She was kidding, though. I think. She fed me pizza and cookies so I instantly forgave her for the filth she just spit all over my face.
So aside for my current annoyance with the fact that Boosin will be running around Shannon’s apartment like a lunatic all day Thursday, I don’t have much more to say. The past few weeks have been very busy for me, and I feel that will be my excuse for not blogging for twelve days. Honest to blog!
Btw, I love spelling “twelve” out. It’s just a really cool word I think. It’s like a combination of “welcome” and “velvet”. Like a red carpet or something. A welcome velvet carpet.
Also, “elv”. Which is very close to “elf” but not quite. Anywayy.
I’m currently rambling, which I’m also sorry for. I’m also sorry for this blog lacking in good content or anything interesting/exciting. I just felt the need blow off steam. So to finish this blog I’m going to tell you what “Gerb, Verb, Serbian” means (Shannon’s attempt to come up with words on Words With Friends) and leave you with a few voice messages that Shannon and Lexi have recently sent me. Have a super Monday, ya hurrd?
Uhm, well. So..
Cheers,
Patch
Puffinlube huh??? Did ya’ll come up with this name on your own?
Make no mistake. SHANNON came up with that name.
OMG, that is the cutest, little, evil wiener dog I’ve ever seen! I’d put up with a lot of crap (both literally and metaphorically) from that little guy–even if he started speaking in tongues.

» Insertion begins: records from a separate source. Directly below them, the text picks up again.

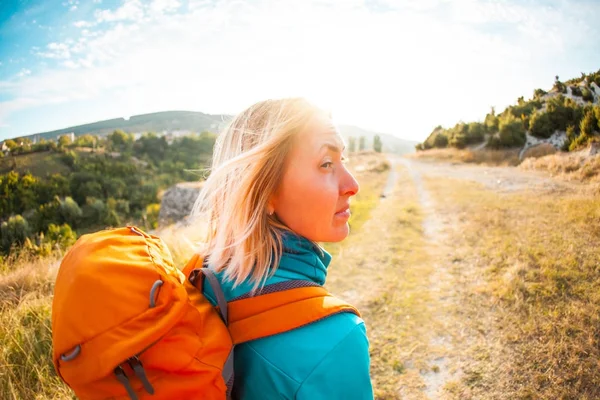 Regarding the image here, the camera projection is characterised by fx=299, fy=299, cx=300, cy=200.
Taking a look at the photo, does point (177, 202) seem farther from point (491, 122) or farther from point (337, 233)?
point (491, 122)

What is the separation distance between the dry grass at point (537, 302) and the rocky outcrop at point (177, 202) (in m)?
17.1

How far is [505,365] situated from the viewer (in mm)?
2920

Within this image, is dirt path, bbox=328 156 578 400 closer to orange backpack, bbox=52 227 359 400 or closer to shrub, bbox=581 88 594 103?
shrub, bbox=581 88 594 103

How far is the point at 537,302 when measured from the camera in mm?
3582

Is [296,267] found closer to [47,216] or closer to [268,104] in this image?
[268,104]

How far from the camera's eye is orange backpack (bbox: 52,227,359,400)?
861 mm

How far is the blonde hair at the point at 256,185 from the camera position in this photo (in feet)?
4.18

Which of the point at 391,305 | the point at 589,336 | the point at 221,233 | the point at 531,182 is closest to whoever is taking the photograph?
the point at 221,233

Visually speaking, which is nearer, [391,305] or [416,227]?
[391,305]

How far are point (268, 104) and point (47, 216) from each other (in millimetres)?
39721

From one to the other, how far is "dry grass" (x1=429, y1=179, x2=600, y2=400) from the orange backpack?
2762mm

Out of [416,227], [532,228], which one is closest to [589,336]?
[532,228]

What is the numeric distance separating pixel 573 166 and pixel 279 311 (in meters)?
9.17

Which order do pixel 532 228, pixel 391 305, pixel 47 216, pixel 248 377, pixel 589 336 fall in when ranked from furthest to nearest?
pixel 47 216 < pixel 532 228 < pixel 391 305 < pixel 589 336 < pixel 248 377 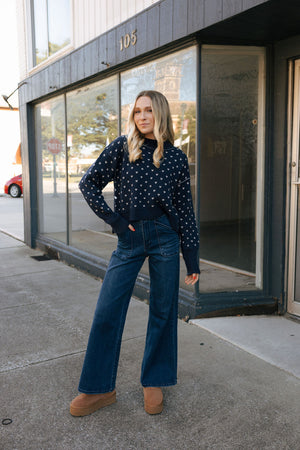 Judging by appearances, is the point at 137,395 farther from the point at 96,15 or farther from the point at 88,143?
the point at 96,15

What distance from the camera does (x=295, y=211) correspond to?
14.0 feet

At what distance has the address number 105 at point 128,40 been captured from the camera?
4.95 meters

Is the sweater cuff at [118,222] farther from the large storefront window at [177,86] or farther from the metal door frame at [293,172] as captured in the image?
the metal door frame at [293,172]

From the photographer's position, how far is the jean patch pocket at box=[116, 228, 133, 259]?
8.71ft

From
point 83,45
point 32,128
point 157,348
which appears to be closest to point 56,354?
point 157,348

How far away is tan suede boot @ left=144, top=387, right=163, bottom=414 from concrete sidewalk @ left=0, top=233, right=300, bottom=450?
0.04m

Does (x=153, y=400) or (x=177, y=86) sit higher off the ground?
(x=177, y=86)

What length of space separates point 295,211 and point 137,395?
2.35 metres

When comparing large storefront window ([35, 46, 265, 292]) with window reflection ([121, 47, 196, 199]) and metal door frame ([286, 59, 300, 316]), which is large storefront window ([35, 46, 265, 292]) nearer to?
window reflection ([121, 47, 196, 199])

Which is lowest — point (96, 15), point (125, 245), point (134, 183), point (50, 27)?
point (125, 245)

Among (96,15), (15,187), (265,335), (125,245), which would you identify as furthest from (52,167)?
(15,187)

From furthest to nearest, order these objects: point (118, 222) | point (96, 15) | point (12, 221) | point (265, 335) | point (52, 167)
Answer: point (12, 221) < point (52, 167) < point (96, 15) < point (265, 335) < point (118, 222)

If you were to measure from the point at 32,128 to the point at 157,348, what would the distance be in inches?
250

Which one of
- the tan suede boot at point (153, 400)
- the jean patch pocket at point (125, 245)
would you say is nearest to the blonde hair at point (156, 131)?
the jean patch pocket at point (125, 245) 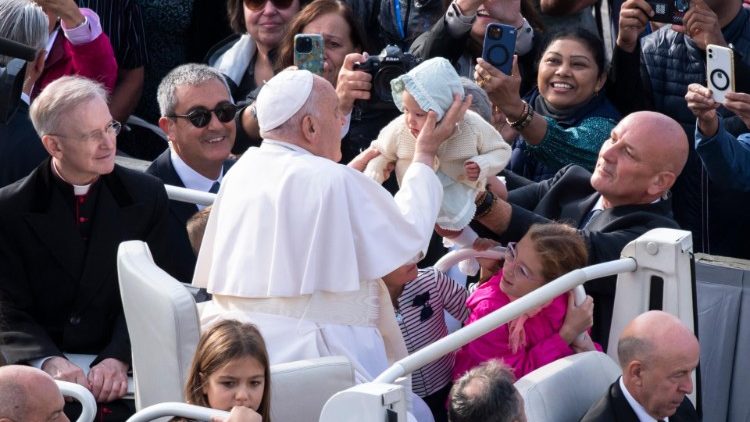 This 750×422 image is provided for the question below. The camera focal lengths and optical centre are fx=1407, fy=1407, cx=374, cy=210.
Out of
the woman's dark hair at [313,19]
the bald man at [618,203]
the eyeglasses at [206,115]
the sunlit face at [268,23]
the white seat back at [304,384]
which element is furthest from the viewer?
the sunlit face at [268,23]

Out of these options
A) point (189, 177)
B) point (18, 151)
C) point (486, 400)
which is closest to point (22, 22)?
point (18, 151)

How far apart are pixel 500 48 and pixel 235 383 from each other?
106 inches

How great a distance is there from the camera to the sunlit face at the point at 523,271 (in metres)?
5.08

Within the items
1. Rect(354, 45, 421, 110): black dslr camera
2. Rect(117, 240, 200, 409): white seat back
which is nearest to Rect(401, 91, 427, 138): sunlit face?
Rect(354, 45, 421, 110): black dslr camera

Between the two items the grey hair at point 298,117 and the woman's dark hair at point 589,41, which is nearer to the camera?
the grey hair at point 298,117

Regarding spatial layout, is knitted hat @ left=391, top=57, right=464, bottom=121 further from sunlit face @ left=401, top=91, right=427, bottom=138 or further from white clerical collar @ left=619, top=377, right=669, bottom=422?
white clerical collar @ left=619, top=377, right=669, bottom=422

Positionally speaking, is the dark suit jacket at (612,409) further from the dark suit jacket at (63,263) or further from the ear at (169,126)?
the ear at (169,126)

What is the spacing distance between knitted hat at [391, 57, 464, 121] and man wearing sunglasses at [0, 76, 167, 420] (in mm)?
1148

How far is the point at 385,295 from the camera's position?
190 inches

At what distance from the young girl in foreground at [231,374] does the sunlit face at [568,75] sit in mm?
2844

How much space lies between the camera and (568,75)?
659 centimetres

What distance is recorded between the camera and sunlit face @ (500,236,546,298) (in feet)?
16.7

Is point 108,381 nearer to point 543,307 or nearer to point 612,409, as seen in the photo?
point 543,307

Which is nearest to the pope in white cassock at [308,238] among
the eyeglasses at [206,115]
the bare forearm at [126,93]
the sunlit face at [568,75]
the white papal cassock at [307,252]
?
the white papal cassock at [307,252]
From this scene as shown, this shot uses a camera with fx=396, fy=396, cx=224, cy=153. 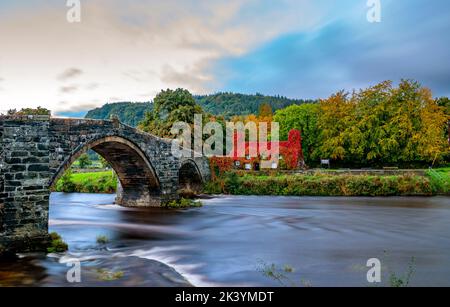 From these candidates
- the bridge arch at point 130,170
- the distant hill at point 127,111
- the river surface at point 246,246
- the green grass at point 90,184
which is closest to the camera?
the river surface at point 246,246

Boosin is so not cute, Stacy. I’ll forgive you only because you haven’t actually met him.
I do not know this dog, but I want to meet him! He is so cute. And what is the deal with “poop in the mouth”? My son says that. It makes me feel old and grossed out at the same time. Like your blog!
You’ve got a point. Lexi teaches toddler’s at a Lutheran school. That might be why she’s talking about poop. Also, we’re all a bit crazy.
Oh, Patch. I could pinch you on the cheek for so many reasons.
First off? As mentioned in the “Boosin” page you linked to, I cannot believe the face of evil is a Dachshund. Really?! But then, evil hides in the cutest of faces. Like that time that the supercute squirrel was chittering at me all cutely and came over to me and everything, and then ran up a tree and threw an acorn at my head. I would have dodged it if I hadn’t been standing there, betrayed. BETRAYED.
But here’s the thing about Evil Boosin of Doom. You are larger than this evil, wanton creature. I recognize that it thirsts for your blood and your demise, but it is an easily puntable creature. It’s heavy enough that it cannot run away quickly. Simply rear back with your foot (preferred: boot), hook it under the ribs, and send that fucker flying.* You win.
*Note, I do not in any seriousness intend you to follow this advice, and if I find out from Shannon or Nichole that you harmed this animal, I will brain you with a dull spork. Count on it. >:( However, I do advice carrying a water bottle with you when you go to Shannon’s, and spray that evil fucker in the face with water every time it comes at you like a weiner dog of doom. That will teach it and also Shannon cannot really complain, since water is harmless and it saves her having to bathe the evil creature that evening (though I presume it bathes itself in its own tortured, stolen souls). This part is serious. Water bottle. Stat.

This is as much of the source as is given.